Reading compressed data with Spark using unknown file extensions
This post could also be called Reading .gz.tmp
files with Spark. At Socialmetrix we have several pipelines writing logs to AWS S3, sometimes Apache Flume fails on the last phase to rename the final archive from .gz.tmp
to .gz
, therefore those files are unavailable to be read by SparkContext.textFile
API. This post presents our workaround to process those files.
##
Our Problem
The diagram below contains the sink part of our architecture:
-
Flume is listening to an AMQP queue, dequeuing logs as soon they arrive;
-
Each 10 minutes, Flume Gzip the accumulated content and save to a S3 bucket;
-
For some unknown reason at this moment, some files doesn’t end up with the final desired extension
.gz
, instead it is saved with.gz.tmp
extension. -
If you try to read this files with Spark (or Hadoop) all you gonna get is gibberish.
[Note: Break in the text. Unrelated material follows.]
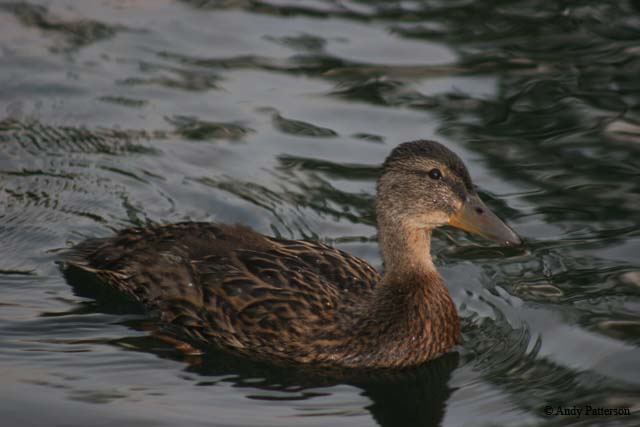 American_black_duck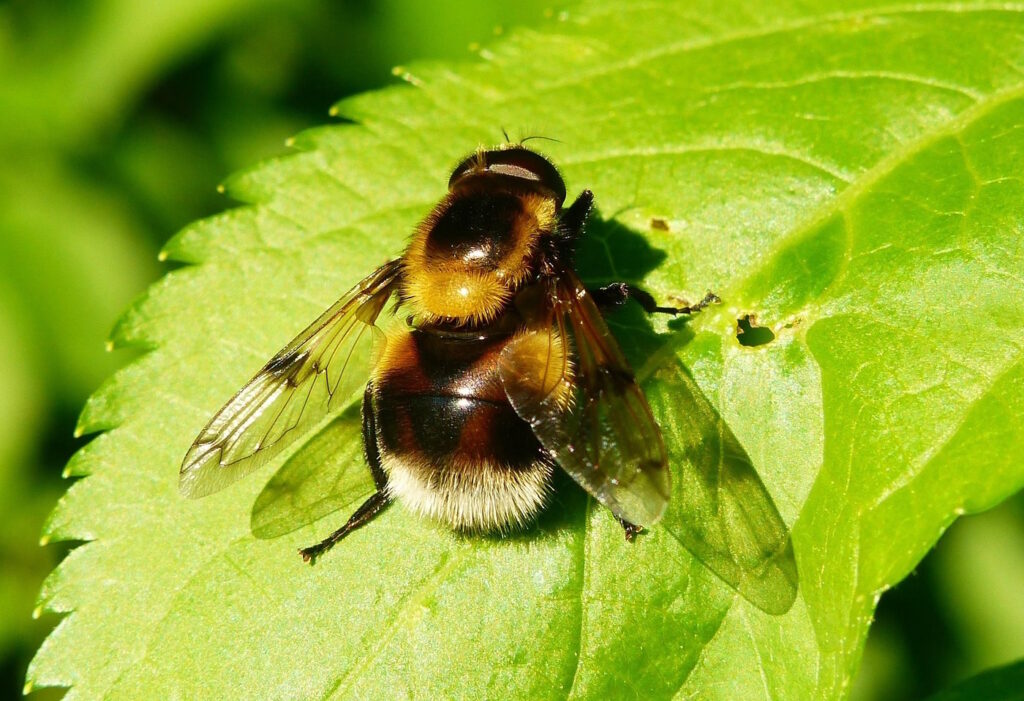 Das Foto zeigt eine Schwebfliege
Because any unknown extension is defaulted to plain-text.
##
Our Workaround
The reason why you can’t read a file .gz.tmp
is because Spark try to match the file extension with registered compression codecs and no codec handlers the extension .gz.tmp
!!
Having this in mind, the solution is really easy, all we had to do was to extend GzipCodec
and override the getDefaultExtension
method.
Here is our TmpGzipCodec.scala
:
package smx.ananke.spark.util.codecs
import org.apache.hadoop.io.compress.GzipCodec
class TmpGzipCodec extends GzipCodec {
override def getDefaultExtension(): String = ".gz.tmp"
}
Now we just registered this codec, setting spark.hadoop.io.compression.codecs
on SparkConf
:
val conf = new SparkConf()
// Custom Codec that process .gz.tmp extensions as a common Gzip format
conf.set("spark.hadoop.io.compression.codecs", "smx.ananke.spark.util.codecs.TmpGzipCodec")
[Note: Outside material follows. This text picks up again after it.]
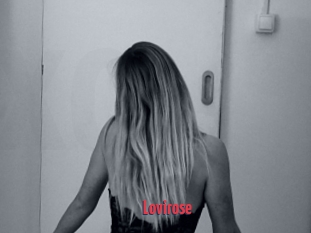 Lovirose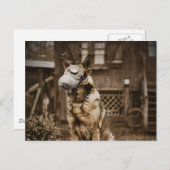 Deutscher Schäferhund in Gasmaske Postkarte (Vorne/Hinten)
val sc = new SparkContext(conf)
val data = sc.textFile("s3n://my-data-bucket/2015/09/21/13/*")
Now it is just a matter of assembly this codec as part of your project, in our case sbt assembly
and run your code as usual.
##
Final Note
From the tests we ran on our environment, registering this Codec does not affect Spark’s default configuration, so we still can process extensions .gz
, .bz2
, etc.